Plastic was invented as early as 1907 by Leo Hendrik Baekeland, who accidentally created Bakelite. This is the record of the first ever plastic derived from synthetic materials although earlier plastic was derived from organic materials.
However, the history of the first synthetic polymer traces back to 1869. In the mid-1800s, materials like combs, trinkets, billiard boards, and piano keys were made from elephant ivory. The scarce material that elephant ivory is, a billiards company in New York offered 10,000 USD as a reward to anyone who would come up with an alternative. That’s when John Wesley Hyatt derived celluloid from cellulose, the polymer found in plants.
But plastic started becoming a problem only in the early 20th century when plastics began to be made from petroleum. Chemists discovered waste gases from the refineries like ethylene could be used to create all sorts of polymers- PET -polyethylene terephthalate for example, instead of only relying on celluloid for making plastics.
Anything and everything could be made from plastic and there was no looking back. This discovery was the prelude of the plastic tide we are facing today. Plastic was so cheap that companies started making things we never imagined in the first place.
Disposables made from plastics came to be viewed as a relief for the American housewives from drudgery. The disposable plates, cups, and cutlery liberated housewives from about 40 hours of cleaning.
Production grew at such a breakneck speed that half the plastic discarded on our planet has been made in the last 15 years only. The real problem was plastic wasn’t recycled. Even today, the situation is no better, with less than 20% of the global plastic being recycled and the rest lying in our oceans and landfills. China is the largest producer of plastic and only 10% or less of the total plastic made is recycled. One of the prime reasons is recycling in itself is a challenge. While some plastics are easy to recycle, others are very difficult.
Take a look at this chart.
All these unrecycled plastics, unchecked use and lack of proper garbage collection systems resulted in a monumental mess of plastic. Just when the world thought of low-density plastics that can decompose in a hundred years, scientists discovered what is called plastic microbeads, tiny pieces of plastic that are still present as a looming reminder of our casual use of plastics. Meaning plastics will never be fully wiped off the face of Earth and the only way to save our planet is by keeping a check on the manufacture and use of plastics.
The plastic Dilemma- Disposable or Durable?
Does it really make any difference?
A question that is more often asked than not.
We weren’t able to bifurcate single use from durable in a prodigious 8.3 billion tonnes of plastic produced annually, because plastic is plastic. However, looking from a plastic user’s POV, we could very well make out that durable plastics are better than single-use plastics. How? Well, for starters consider using a durable plastic cup instead of several throwaway coffee cups. A durable cup although being made from plastic is definitely better than a hundred single-use cups.
An article from Forbes titled ‘Plastic isn’t the Enemy, our mindset is’ traces the unchecked use of plastic that accounts for the plastic problem.

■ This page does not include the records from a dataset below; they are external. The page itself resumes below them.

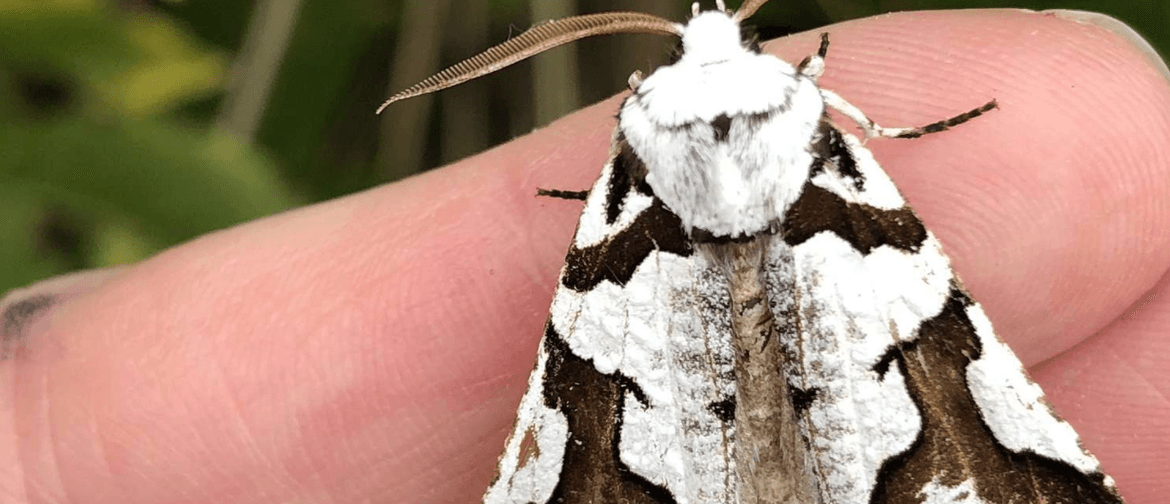 Wild Dunedin: Ahi Pepe Flying Moth Workshop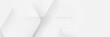 © pickup - Minimal White Abstract Hexagonal Background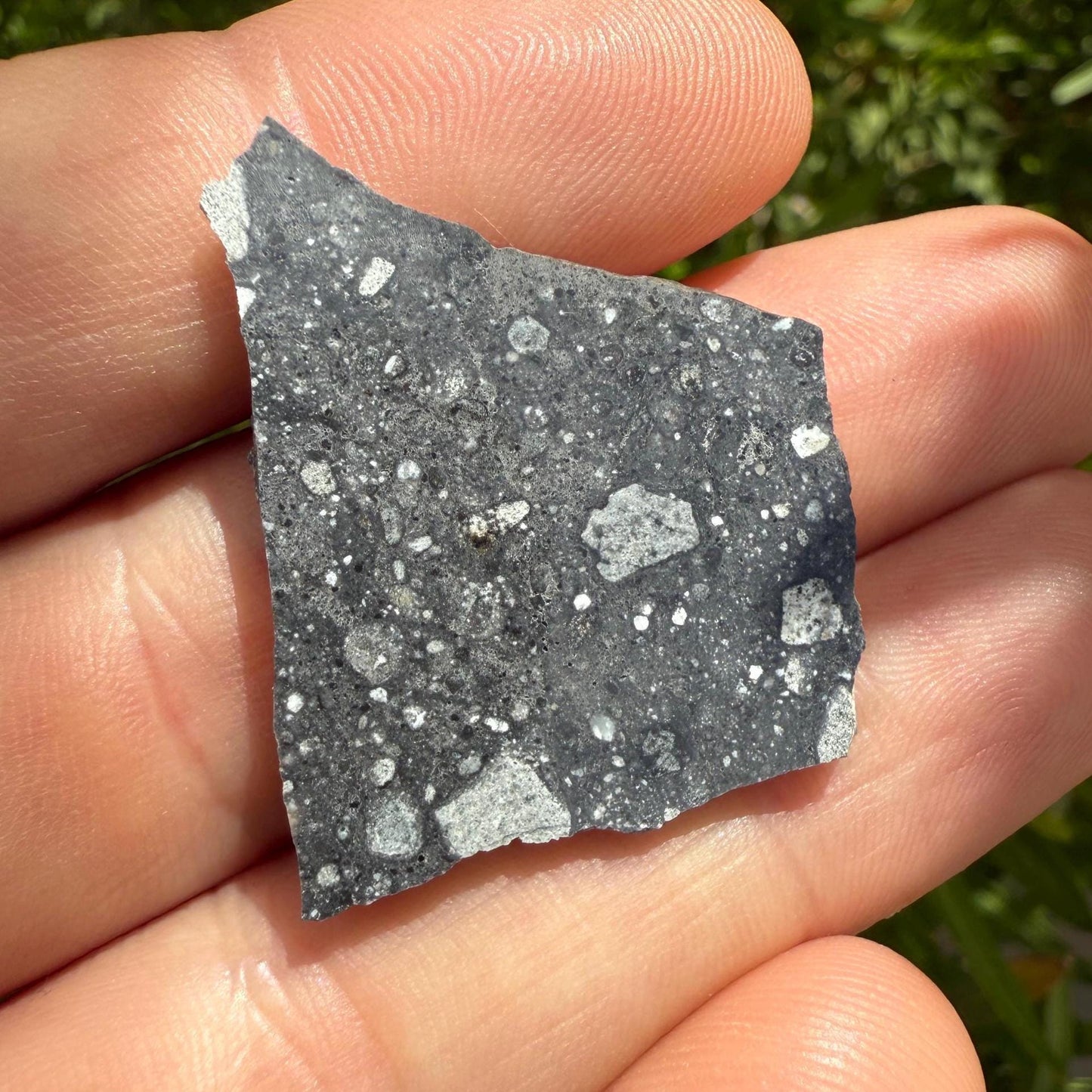 NWA 17679 Lunar Meteorite Slice, Rare Feldspathic Breccia Lunar, Mauritania, Africa, Moon Rock, Astronomy Gift, 3.91 grams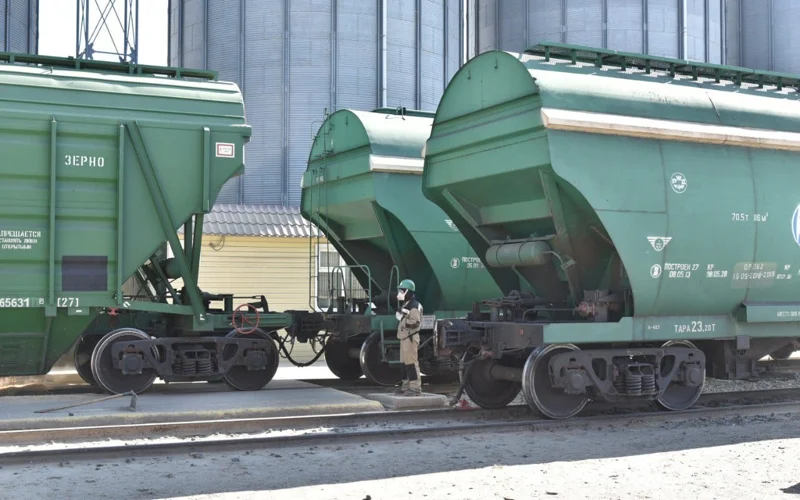 Kazakhstan exports 15,000 tons of wheat to Vietnam by railway transport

I think, and almost anyone who is smart enough to realize will agree to the fact that a non-woven bag, even though being as harmful as plastic, can go a long way in saving the planet from the abuse of plastic considering the fact that it will not be used just once like throwaway plastic bags.
Plastic is not the problem. Single-use plastics are. We need sustainable innovations that should be able to incorporate plastic’s admirable qualities and eliminate its harmful ones.
Unlike climate change, no one denies the problem of plastic garbage. Because it is visible, the world is witness to the growing problem. The beaches they vacation on are littered with plastic. Heart -wrenching photos of albatross’s intestines filled with plastic and sea turtles entangled in plastic bags have proved the very fact that plastic is indeed a problem. Add to it BBC documentaries depicting our oceans filled with plastic waste and we know that plastic, once a boon, has become headlines, for all the wrong reasons. The problem became trending, perhaps more than climate change, so much so that 2018’s most frequented headlines in the environment section was about plastic and its problems.
The worldwide plastic production is at an all-time high and so is the plastic problem. More than 500 million tons of plastic is produced every year with over 9 million tons winding up in the ocean. The discarded plastic is creating havoc on the planet and we are in a major crisis.
We are indeed, drowning in millions of tons of plastic!